While the Government of Pakistan took important steps to implement the 2017 Comprehensive Policy on Voluntary Repatriation and Management of Afghan Nationals, the Prime Minister called for more comprehensive, rights-based and solutions-oriented responses to the refugee situation. This progressive approach was reflected in the 2019 decision to allow Afghan refugees to open bank accounts in Pakistan. UNHCR will support the Government of Pakistan in further enhancing economic inclusion and contribution of refugees, including by enabling their access to SIM cards, driving licenses and ownership of assets.

UNHCR will support the Government of Pakistan in the implementation of its policy, including: i) the enactment of the national refugee law; ii) a more long-term and predictable extension of the Proof of Registration (PoR) cards and Tripartite Agreement; iii) implementation of the flexible visa regime for PoR card holders. While UNHCR works with the Government of Pakistan to ensure that the visa regime incorporates essential protection safeguards, progress will depend on the ability of the Government of Afghanistan to start issuing Afghan passports in Pakistan.
UNHCR will seek to capitalize on the Global Compact on Refugees to advocate for greater international responsibility-sharing, with emphasis on RAHA.

Key priorities

In Pakistan, UNHCR has three strategic priorities which aim to foster gradual and stronger inclusion of UNHCR’s persons of concern into national policies, planning and service delivery.
UNHCR will continue to facilitate voluntary repatriation as the preferred (regional) durable solution for Afghan refugees; the Government of Pakistan-conceived flexible-visa regime is expected to be functioning, and resettlement will continue to be available only for the most urgent and emergency refugee cases.

UNHCR aims to work more closely with the Government of Pakistan on adoption of the national refugee law and will continue to diversify/reinforce partnerships and sensitize the authorities and communities at federal and provincial levels. It will support refugees to access asylum (including protection from refoulement), legal aid, registration and documentation.
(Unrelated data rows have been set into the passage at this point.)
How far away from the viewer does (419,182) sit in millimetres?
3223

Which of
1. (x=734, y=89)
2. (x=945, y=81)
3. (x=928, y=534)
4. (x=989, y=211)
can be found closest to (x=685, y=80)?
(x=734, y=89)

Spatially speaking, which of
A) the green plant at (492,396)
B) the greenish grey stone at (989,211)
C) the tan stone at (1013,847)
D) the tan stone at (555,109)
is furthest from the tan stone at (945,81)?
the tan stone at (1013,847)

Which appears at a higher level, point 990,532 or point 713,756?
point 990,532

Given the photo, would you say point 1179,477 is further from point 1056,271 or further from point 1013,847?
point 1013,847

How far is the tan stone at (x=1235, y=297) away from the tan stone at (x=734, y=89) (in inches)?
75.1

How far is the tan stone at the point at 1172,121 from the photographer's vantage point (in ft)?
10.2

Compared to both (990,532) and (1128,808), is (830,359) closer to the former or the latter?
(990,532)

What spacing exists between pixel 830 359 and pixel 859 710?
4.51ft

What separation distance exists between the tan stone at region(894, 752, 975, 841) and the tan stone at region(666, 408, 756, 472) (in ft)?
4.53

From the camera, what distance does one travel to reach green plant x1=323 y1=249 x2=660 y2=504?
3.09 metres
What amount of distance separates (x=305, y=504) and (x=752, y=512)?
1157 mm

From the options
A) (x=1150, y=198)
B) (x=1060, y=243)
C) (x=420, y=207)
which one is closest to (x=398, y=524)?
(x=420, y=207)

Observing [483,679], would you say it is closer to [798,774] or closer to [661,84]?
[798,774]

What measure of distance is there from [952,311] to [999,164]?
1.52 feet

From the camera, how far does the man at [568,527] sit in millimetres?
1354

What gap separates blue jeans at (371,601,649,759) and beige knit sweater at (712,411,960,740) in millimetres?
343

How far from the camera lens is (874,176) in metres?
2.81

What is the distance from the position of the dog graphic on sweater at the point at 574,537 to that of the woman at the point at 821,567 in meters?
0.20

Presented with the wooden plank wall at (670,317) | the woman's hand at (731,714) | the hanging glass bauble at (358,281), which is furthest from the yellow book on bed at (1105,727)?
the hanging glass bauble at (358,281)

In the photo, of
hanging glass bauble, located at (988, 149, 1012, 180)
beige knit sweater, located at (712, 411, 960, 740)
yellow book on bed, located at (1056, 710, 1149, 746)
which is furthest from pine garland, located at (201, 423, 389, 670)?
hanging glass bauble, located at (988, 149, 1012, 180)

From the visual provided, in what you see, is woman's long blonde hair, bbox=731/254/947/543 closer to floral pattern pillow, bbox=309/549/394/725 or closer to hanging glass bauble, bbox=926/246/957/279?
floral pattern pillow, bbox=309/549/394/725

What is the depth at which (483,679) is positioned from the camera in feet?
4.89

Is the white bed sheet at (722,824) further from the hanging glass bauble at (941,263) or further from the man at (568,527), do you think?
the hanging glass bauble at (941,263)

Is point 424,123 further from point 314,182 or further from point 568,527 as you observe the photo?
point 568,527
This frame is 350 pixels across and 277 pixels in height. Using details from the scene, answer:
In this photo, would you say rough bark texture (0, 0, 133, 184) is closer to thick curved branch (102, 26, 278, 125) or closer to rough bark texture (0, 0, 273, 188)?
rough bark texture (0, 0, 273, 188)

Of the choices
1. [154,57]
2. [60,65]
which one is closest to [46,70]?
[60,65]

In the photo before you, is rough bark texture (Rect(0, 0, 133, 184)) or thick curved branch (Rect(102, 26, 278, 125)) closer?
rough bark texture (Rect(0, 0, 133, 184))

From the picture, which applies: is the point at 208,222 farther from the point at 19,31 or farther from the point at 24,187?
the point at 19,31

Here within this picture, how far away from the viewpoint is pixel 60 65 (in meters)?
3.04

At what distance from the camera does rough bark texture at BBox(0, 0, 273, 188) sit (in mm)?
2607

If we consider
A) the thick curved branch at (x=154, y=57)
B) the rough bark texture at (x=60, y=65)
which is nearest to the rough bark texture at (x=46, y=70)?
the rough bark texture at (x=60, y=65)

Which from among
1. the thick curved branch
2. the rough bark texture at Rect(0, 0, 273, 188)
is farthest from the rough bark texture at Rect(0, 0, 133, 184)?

Strategic community-based protection orientation will be reinforced/refined, leading to enhanced community resilience and further consolidated UNHCR field presence/outreach in both refugee and host communities. A stronger focus on SGBV, child protection and people with specific needs will prevent/reduce protection risks and improve quality of response. The drive to bring refugees closer to the existing services (i.e. health and education) will remain a priority next to livelihoods and skill building interventions. UNHCR will also deepen its advocacy engagement with the Government of Pakistan on protection/prevention actions and on Pakistan’s accession to the statelessness conventions.

UNHCR will continue to reinforce and diversify its links and partnerships with the Government, civil society, the UN, academia, traditional and non-traditional donors and the private sector, as well as refugee and hosting communities in order to foster operational synergies essential to link refugee protection, assistance and solutions work in the spirit of the regional SSAR and the Global Compact on Refugees.